Preparing your Codebase for Production:
Turning off Debug Mode :Inshort , setting DEBUG to True tells Django to assume only trusted developers are using your site. The Internet is full of untrustworthy hooligans, and the first thing you should do when you're preparing your application for deployment is set DEBUG to False.
Turning Off Template Debug Mode:Similarly, you should set TEMPLATE_DEBUG to False in production, If True, this setting tells Django's template system to save some extra infomation about every template, for use on the pretty error pages.
Implementing a 404 Template:If DEBUG is True,Django displays the useful 404error page.But if DEBUG is False, then it does something different: it renders a template called 404.html in your root template directory. So,when you are ready to deploy, you will need to create this template and put a useful "Page not found" message in it. Here is a sample 404.html.It assumes you are using template inheritance and have defined a base.html with blocks called title and content.
{% extends "base.html" %} {% block title %}Page not found{% endblock %} {% block content %} <h1>Page not found</h1> <p>Sorry, but the requested page could not be found.</p> {% endblock %}
To test that your 404.html is working, just change DEBUG to False and visit a nonexistent URL. (This works on therunserver just as well as it works on a production server.)
Implementing a 500 Template
Similarly, if DEBUG is False, then Django no longer displays its useful error pages in case of an unhandled Python exception. Instead, it looks for a template called 500.html and renders it, like 404.html, this template should live in your root template directory.

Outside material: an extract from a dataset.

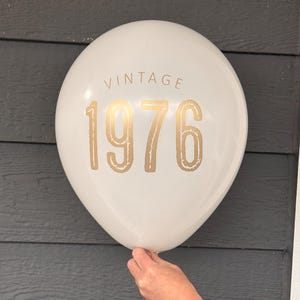 Puede incluir: Globo blanco con texto dorado "VINTAGE 1976". El globo es sostenido por una mano. El fondo es una superficie de madera gris oscuro.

There is one slightly tricky thing about 500.html. You can never be sure why this template is being rendered, so it should not do anything that requires a databaseconnection or relies on any potentially broken part of your infrastructure. it should not use custom template tags, If it uses template inheritance, then the parent template(s) shouldn’t rely on potentially broken infrastructure, either. Therefore, the best approach is to avoid template inheritance and use something very simple. Here’s an example 500.html as a starting point:
<!DOCTYPE html PUBLIC "-//W3C//DTD HTML 4.01//EN" "http://www.w3.org/TR/html4/strict.dtd"> <html lang="en"> <head> <title>Page unavailable</title> </head> <body> <h1>Page unavailable</h1> <p>Sorry, but the requested page is unavailable due to a server hiccup.</p> <p>Our engineers have been notified, so check back later.</p> </body> </html>
-------------------------------------------------------------------------------------------------------------------------
Setting up Error Alerts:
When your Django-powered site is running and an exception is raised, you will want to know it, so you can fix it, By default, Django is configured to send an e-mail to the site devepopers when your code raises an unhandled exception-- but you need to do two things to set it up.

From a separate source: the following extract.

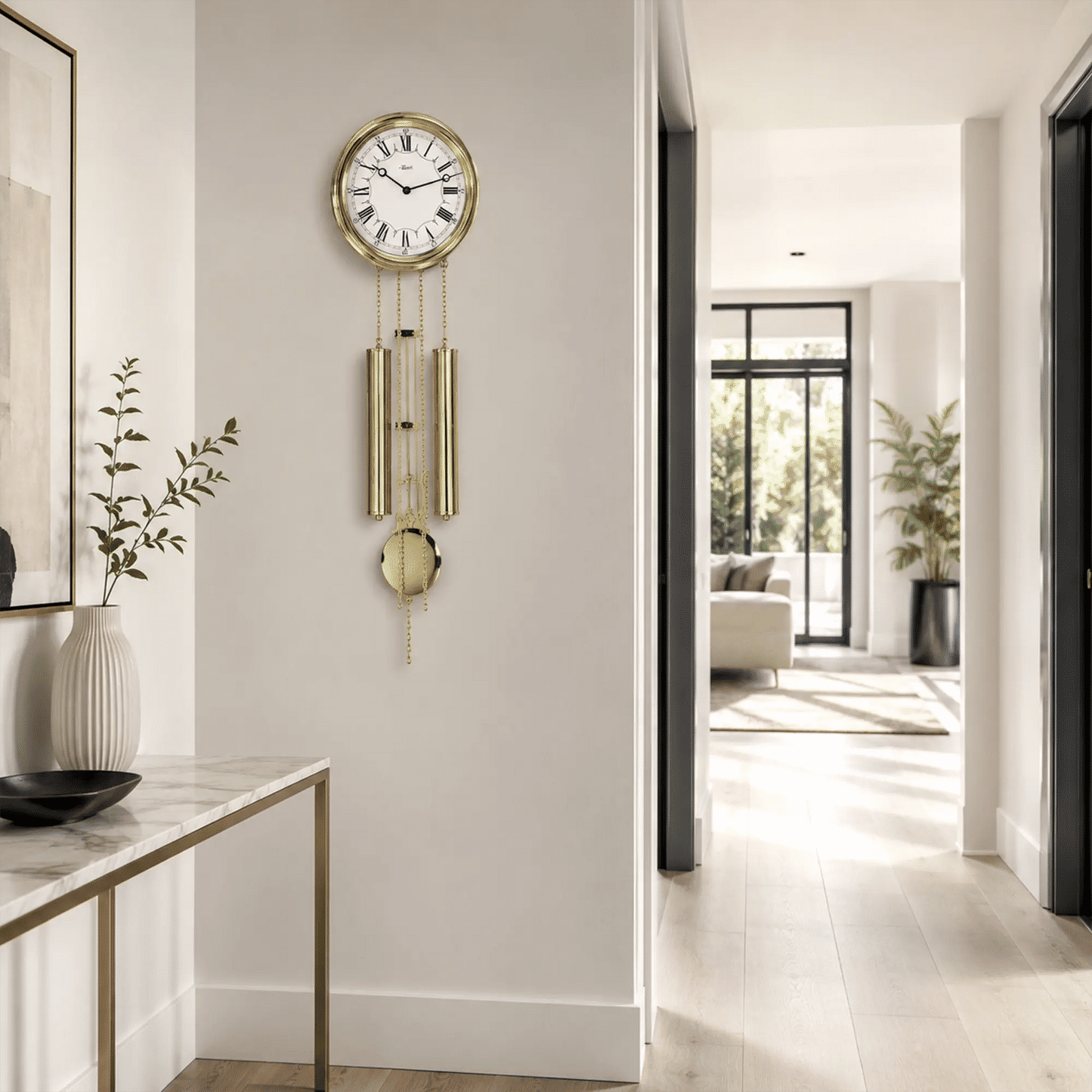 Runde Messing-Wanduhr mit Zifferblatt und goldenen Pendeln an einer weißen Wand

First , change your ADMINS setting to include your e-mail address, along with the e-mail addresses of any other people who need to be notified. This setting takes a tuple of (name, email)tuples, like this:
ADMINS = ( ('John Lennon', 'jlennon@example.com'), ('Paul McCartney', 'pmacca@example.com'), )
Second, make sur your server is configured to send a e-mail. Setting up postfix, sendmail or any other mail server is outside the scope of this book, but on the Django side of things, you will want to make sure your EMAIL_HOST setting is set to the proper hostname for your mail server, It is set to 'localhost' by default, which works out of the box for most shared-hosting environment. You might also need to set EMAIL_HOST_USER EMAIL_HOST_PASSWORD EMAIL_PORT or EMAIL_USE_TLS, depanding on the complexity of your arrangement.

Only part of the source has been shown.